Note: If your dog is displaying signs of aggression around food or toys, I recommend you contact a trusted trainer in your area.
Dr. Patricia McConnell had a great post on her blog “The Other End of the Leash” last week about how to deal with a dog’s possessiveness using desensitization and classical conditioning. It’s worth reading if you have a dog with possessive aggression of food, toys, space or whatever it might be. Instead of teaching the dog “drop” or “leave it,” (which I highly recommend you still do), you are conditioning the dog’s response to someone approaching the object of value.
The basic idea McConnell describes is to find something your dog likes even more than the object she guards. So, maybe your dog guards rawhides, but she likes pieces of hot dogs even more. What you would do is set up a scenario where the dog is likely to guard a rawhide.
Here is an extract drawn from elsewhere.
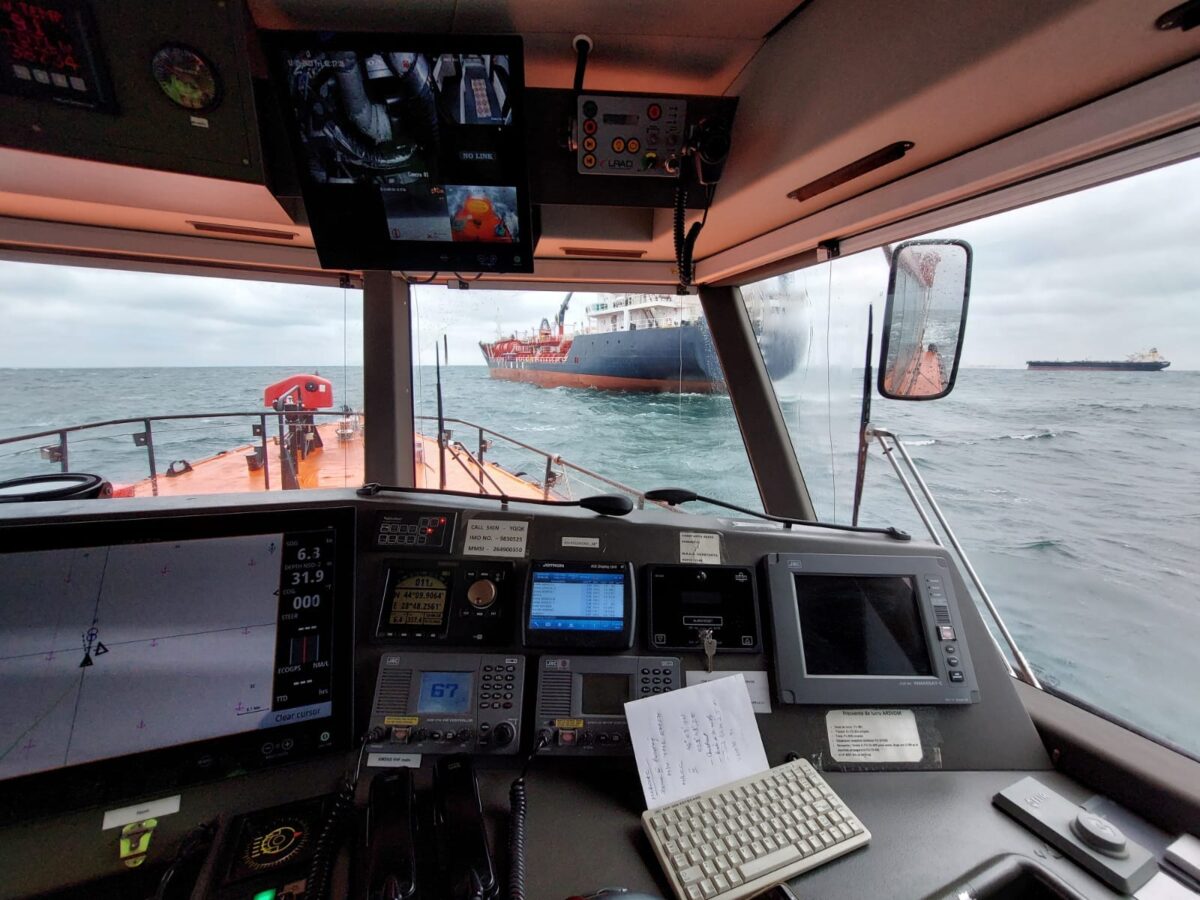 ARSVOM a salvat pe mare un al doilea marinar. Intervenția de urgență a avut loc în apropiere de Sulina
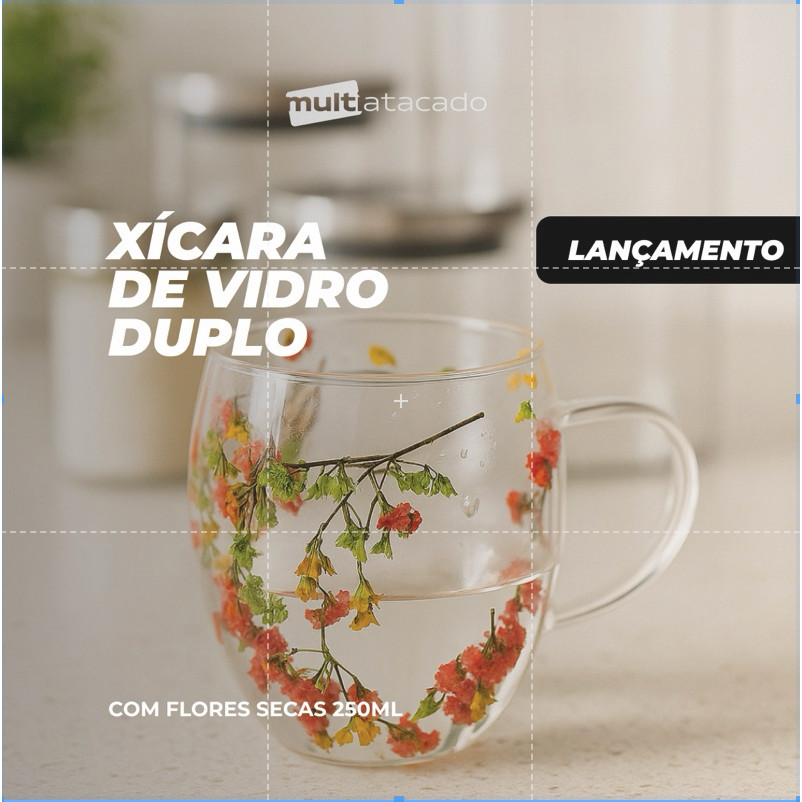 ATÉ 4 XÍCARAS DE FLOR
With your hot dog bits in hand, you would then walk up to your dog but stop well before she starts to guard the rawhide. Toss her a piece of hotdog and walk away.
You want the dog to think, “No! Don’t walk away!” McConnell wrote. Then, very gradually, you decrease the distance over several short sessions over several days until your dog is OK with you approaching her while she has a rawhide. Then you also need to condition the dog’s response to someone reaching for the object. You would do this by bending down near the dog, dropping a hot dog bit and standing back up. Eventually, you will move your hand closer and closer until you can safely remove the object and give the dog something even better in return.
You are not training your dog to respond to a cue, McConnell wrote. You are conditioning an internal response to someone approaching something the dog cherishes.
This is certainly not the only way to deal with a dog’s resource guarding, but I like the approach and thought many others would find it helpful.